■ **TASK MATERIAL**:
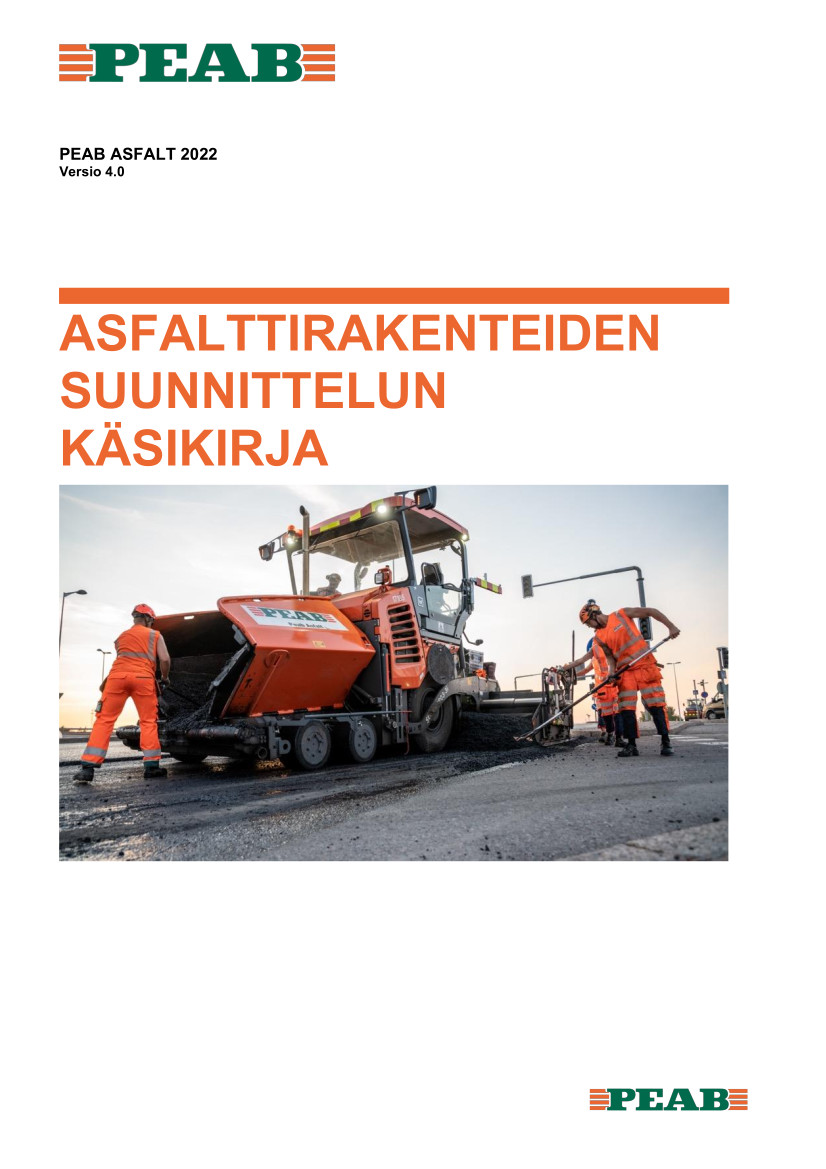 PEAB Asfalttikasikirja 2022 kansi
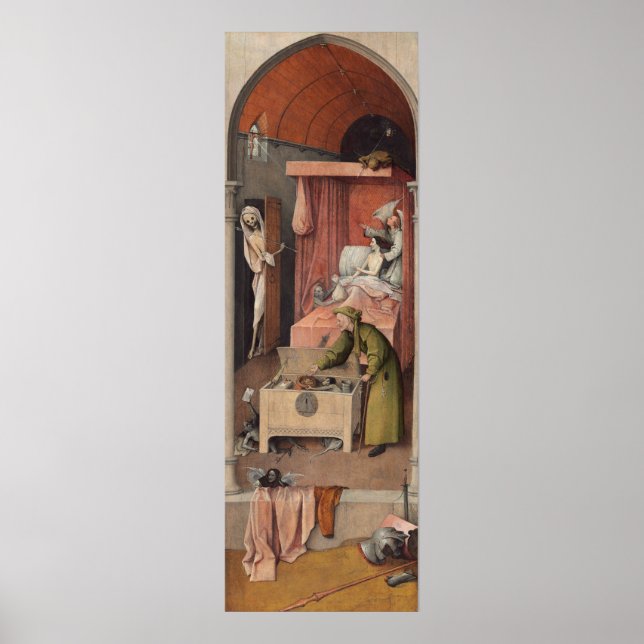 Death and the Miser by Bosch - Poster (Front)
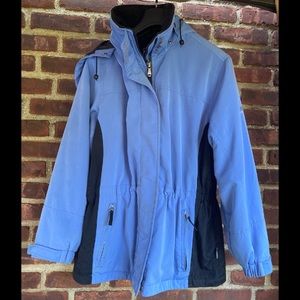 Women’s L Outdoor Wear Pacific Trail Ski Coat Hooded jacket Full Zip pockets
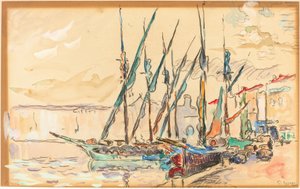 Saint-Tropez door Paul Signac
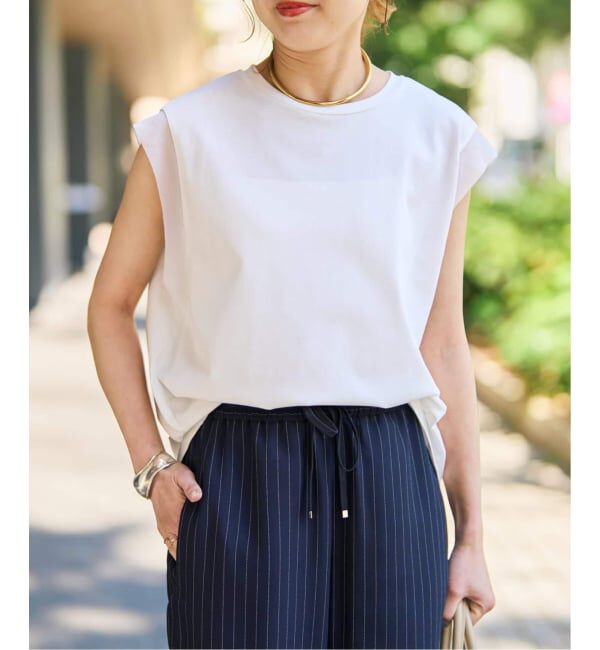 Spick and Span「《追加》オーガンジーコンビルーズプルオーバー」|Tシャツ・カットソー|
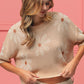 BiBi Floral Pattern Slit Sweater - Brand BiBi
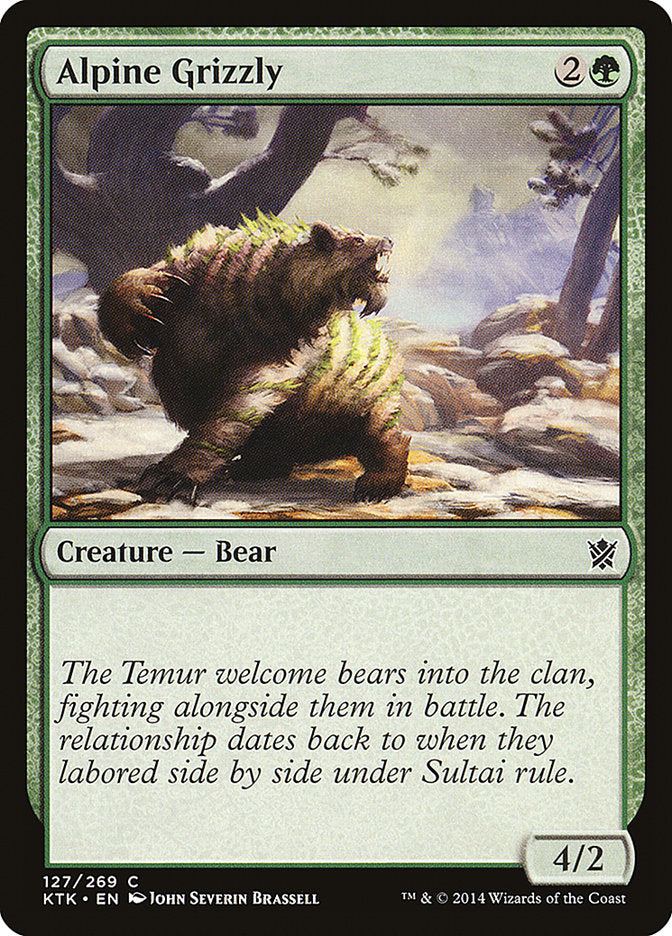 Alpine Grizzly [Khans of Tarkir] | Total Play
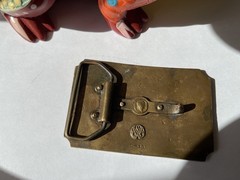 Western solid metal belt buckle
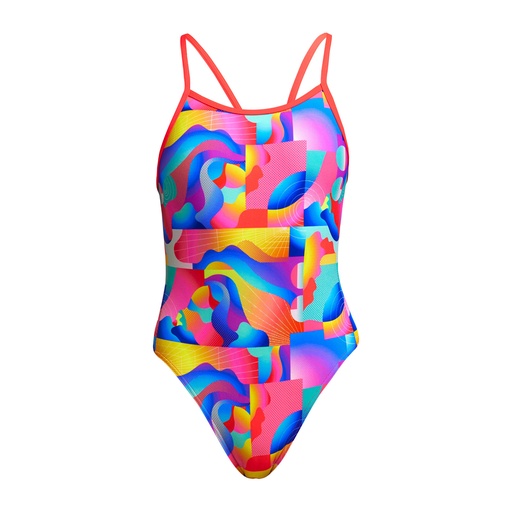 Badeanzug Funkita Girls Single Strap One Piece / Radar Rage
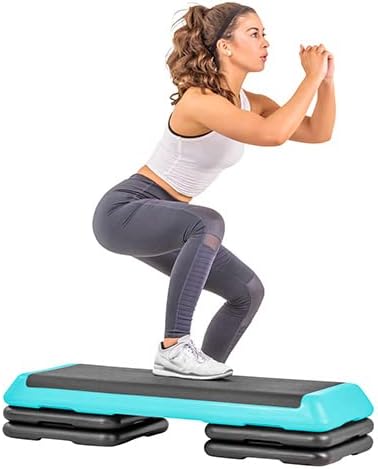 The Step Freestyle Grey Aerobic Platform, Health Club Size Steppers for Exercise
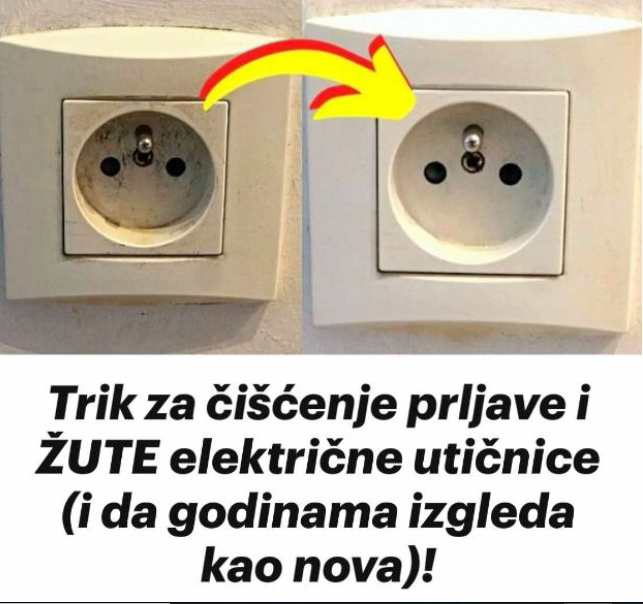 Kako Sigurno Očistiti Žute i Prljave Električne Utičnice: Vratite Im Izvorni Sjaj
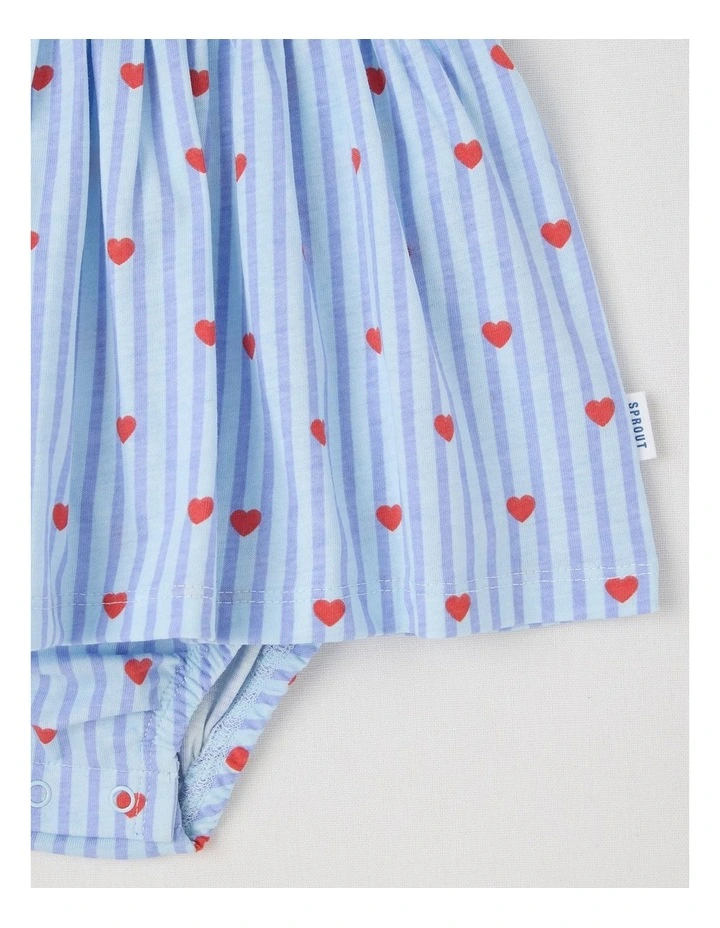 Bow Bodysuit in Light Blue image 4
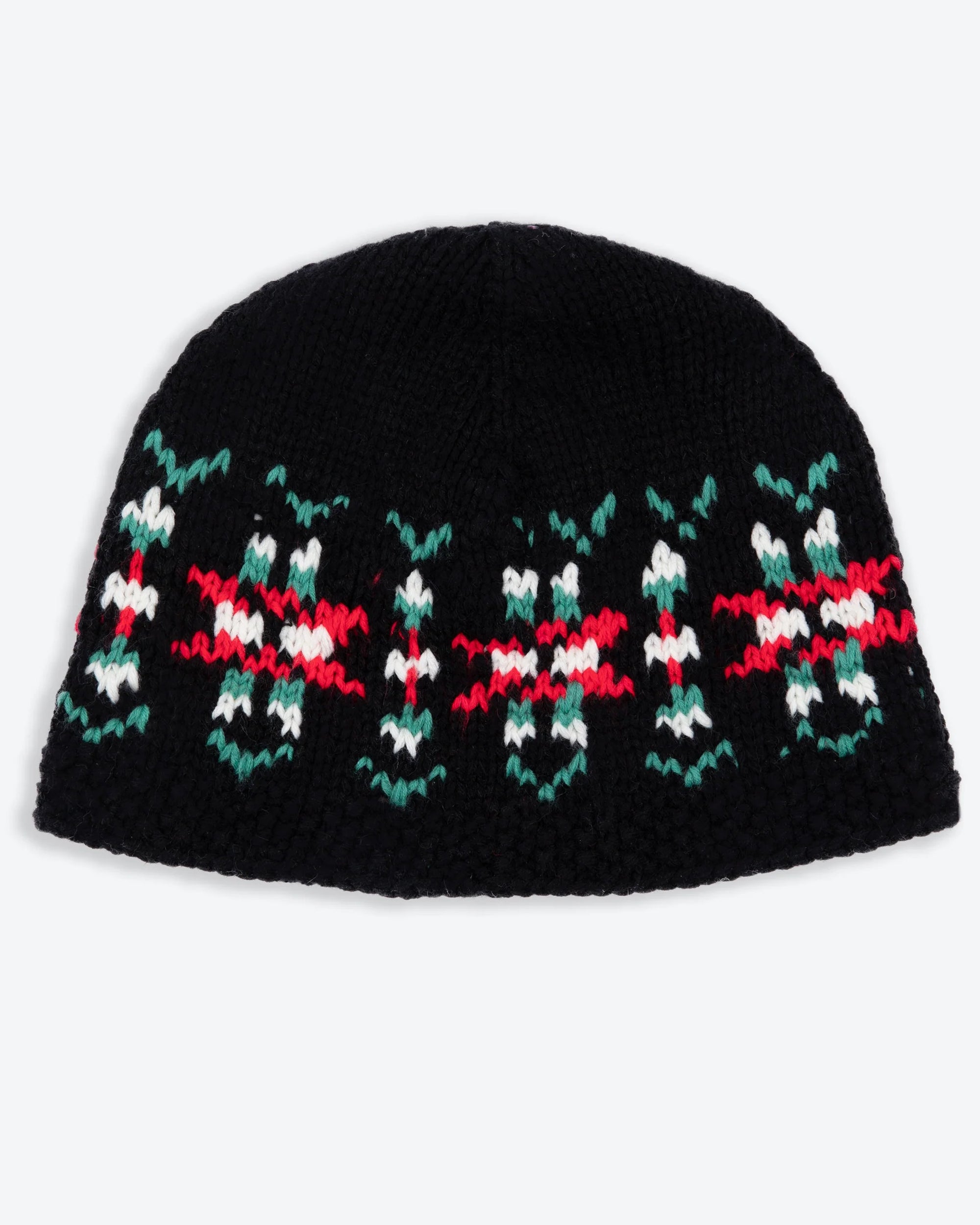 Lowie Hand Knitted Fair Isle Beanie for Women & Men - Warm Winter Hat with Nordic Patterns - Perfect for Skiing, Snowboarding & Outdoor Activities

■ **TO DO**: Your answer should consist solely of the lines from the one holding "Alpine Grizzly [Khans" through the end of the listing, reproduced exactly and without pictures.

■ **RESPONSE BELOW**:
 Alpine Grizzly [Khans of Tarkir] | Total Play
 Western solid metal belt buckle
 Badeanzug Funkita Girls Single Strap One Piece / Radar Rage
 The Step Freestyle Grey Aerobic Platform, Health Club Size Steppers for Exercise
 Kako Sigurno Očistiti Žute i Prljave Električne Utičnice: Vratite Im Izvorni Sjaj
 Bow Bodysuit in Light Blue image 4
 Lowie Hand Knitted Fair Isle Beanie for Women & Men - Warm Winter Hat with Nordic Patterns - Perfect for Skiing, Snowboarding & Outdoor Activities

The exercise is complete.